Source records

■ ■ ■ ■ ■

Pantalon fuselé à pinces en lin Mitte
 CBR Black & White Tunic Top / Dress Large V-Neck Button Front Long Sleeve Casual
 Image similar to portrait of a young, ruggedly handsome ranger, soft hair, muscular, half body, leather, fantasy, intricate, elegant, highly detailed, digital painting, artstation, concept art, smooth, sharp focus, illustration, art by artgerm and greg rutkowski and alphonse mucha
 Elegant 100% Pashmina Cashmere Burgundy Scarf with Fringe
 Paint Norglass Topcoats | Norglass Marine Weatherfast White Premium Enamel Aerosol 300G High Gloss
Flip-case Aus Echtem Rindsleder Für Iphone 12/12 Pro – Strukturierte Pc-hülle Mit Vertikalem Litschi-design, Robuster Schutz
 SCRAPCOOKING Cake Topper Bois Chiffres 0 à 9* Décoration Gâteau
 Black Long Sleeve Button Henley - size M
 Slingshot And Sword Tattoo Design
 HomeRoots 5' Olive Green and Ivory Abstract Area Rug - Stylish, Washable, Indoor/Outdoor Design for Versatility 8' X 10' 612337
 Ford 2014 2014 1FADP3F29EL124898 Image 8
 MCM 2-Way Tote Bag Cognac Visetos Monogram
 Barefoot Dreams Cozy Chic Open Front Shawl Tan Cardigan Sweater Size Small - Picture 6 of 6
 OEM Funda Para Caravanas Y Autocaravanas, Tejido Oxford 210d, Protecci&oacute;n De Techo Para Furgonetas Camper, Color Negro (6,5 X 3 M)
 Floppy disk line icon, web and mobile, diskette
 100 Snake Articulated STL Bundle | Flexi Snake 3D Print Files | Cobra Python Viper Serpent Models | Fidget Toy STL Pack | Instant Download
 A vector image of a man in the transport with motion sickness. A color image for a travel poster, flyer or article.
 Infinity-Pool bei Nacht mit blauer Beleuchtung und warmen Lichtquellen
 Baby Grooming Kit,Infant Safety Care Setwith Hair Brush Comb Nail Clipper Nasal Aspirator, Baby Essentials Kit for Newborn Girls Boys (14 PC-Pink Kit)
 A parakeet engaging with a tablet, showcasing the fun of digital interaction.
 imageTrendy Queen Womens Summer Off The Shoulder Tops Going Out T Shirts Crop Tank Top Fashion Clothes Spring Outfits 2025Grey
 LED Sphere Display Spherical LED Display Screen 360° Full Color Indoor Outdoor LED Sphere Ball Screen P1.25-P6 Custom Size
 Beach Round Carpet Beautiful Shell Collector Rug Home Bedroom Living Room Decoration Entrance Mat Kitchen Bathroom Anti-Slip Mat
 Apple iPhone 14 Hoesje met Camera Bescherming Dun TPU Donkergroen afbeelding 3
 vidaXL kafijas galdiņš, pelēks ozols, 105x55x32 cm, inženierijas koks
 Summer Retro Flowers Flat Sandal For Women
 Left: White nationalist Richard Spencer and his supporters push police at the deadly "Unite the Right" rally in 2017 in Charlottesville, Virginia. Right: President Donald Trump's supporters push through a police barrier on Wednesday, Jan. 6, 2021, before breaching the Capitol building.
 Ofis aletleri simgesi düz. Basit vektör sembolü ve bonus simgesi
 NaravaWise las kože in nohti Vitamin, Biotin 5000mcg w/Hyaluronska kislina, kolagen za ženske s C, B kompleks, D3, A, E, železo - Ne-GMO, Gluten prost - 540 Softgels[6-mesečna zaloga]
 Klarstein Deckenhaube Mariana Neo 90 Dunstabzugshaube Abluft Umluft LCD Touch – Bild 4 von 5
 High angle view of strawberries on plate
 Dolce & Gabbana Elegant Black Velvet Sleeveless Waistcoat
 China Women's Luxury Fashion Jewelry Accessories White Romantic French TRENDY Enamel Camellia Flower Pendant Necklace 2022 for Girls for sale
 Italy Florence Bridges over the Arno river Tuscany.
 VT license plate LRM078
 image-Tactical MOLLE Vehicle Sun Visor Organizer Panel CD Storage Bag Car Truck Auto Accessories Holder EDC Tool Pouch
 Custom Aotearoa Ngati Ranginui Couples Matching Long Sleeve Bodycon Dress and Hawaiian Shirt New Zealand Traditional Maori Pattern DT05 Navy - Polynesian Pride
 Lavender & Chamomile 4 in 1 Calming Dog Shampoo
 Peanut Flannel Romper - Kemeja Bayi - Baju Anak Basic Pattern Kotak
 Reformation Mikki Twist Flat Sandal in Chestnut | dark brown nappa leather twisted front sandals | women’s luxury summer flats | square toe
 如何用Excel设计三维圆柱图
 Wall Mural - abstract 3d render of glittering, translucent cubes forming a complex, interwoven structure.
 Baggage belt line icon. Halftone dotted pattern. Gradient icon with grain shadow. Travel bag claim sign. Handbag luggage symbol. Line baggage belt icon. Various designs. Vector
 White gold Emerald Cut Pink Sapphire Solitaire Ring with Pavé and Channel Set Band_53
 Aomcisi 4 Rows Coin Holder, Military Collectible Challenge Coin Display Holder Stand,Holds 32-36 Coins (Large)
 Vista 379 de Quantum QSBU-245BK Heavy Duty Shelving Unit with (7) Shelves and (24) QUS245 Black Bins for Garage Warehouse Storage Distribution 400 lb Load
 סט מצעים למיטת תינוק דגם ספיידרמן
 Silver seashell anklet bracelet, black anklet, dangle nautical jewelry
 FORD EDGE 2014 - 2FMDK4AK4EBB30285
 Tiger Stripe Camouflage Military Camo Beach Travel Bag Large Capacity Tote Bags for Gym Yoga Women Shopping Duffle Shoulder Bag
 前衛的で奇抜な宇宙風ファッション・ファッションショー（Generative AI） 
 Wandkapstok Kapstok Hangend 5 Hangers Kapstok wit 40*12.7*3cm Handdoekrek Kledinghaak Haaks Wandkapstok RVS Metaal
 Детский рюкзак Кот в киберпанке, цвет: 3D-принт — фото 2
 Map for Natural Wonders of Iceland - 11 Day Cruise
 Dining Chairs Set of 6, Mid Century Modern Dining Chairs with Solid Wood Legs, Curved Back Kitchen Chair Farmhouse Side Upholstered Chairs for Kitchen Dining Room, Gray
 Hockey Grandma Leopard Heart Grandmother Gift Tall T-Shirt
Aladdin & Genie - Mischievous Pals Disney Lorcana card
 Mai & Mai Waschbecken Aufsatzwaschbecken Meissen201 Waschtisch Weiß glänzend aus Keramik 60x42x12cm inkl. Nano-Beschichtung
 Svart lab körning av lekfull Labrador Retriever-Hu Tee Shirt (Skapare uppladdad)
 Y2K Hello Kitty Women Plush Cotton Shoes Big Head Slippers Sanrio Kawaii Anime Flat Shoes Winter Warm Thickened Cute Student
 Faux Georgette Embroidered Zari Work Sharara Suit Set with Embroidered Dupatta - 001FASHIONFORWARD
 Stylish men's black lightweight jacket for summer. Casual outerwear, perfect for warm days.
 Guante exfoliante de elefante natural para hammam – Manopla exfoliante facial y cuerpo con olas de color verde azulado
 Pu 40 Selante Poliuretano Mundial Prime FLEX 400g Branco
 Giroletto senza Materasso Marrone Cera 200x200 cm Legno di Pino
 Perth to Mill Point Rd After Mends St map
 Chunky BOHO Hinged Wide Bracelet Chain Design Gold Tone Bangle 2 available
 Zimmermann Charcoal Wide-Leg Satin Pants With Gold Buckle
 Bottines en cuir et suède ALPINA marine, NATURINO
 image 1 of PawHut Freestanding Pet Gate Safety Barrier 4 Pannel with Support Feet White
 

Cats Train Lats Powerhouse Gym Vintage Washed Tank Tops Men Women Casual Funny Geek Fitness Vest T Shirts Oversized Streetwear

■ ■ ■ ■ ■

EXERCISE OBJECTIVE => All lines above containing the string "Indoor": copy each one.

ANSWER BOX =>
 HomeRoots 5' Olive Green and Ivory Abstract Area Rug - Stylish, Washable, Indoor/Outdoor Design for Versatility 8' X 10' 612337
 LED Sphere Display Spherical LED Display Screen 360° Full Color Indoor Outdoor LED Sphere Ball Screen P1.25-P6 Custom Size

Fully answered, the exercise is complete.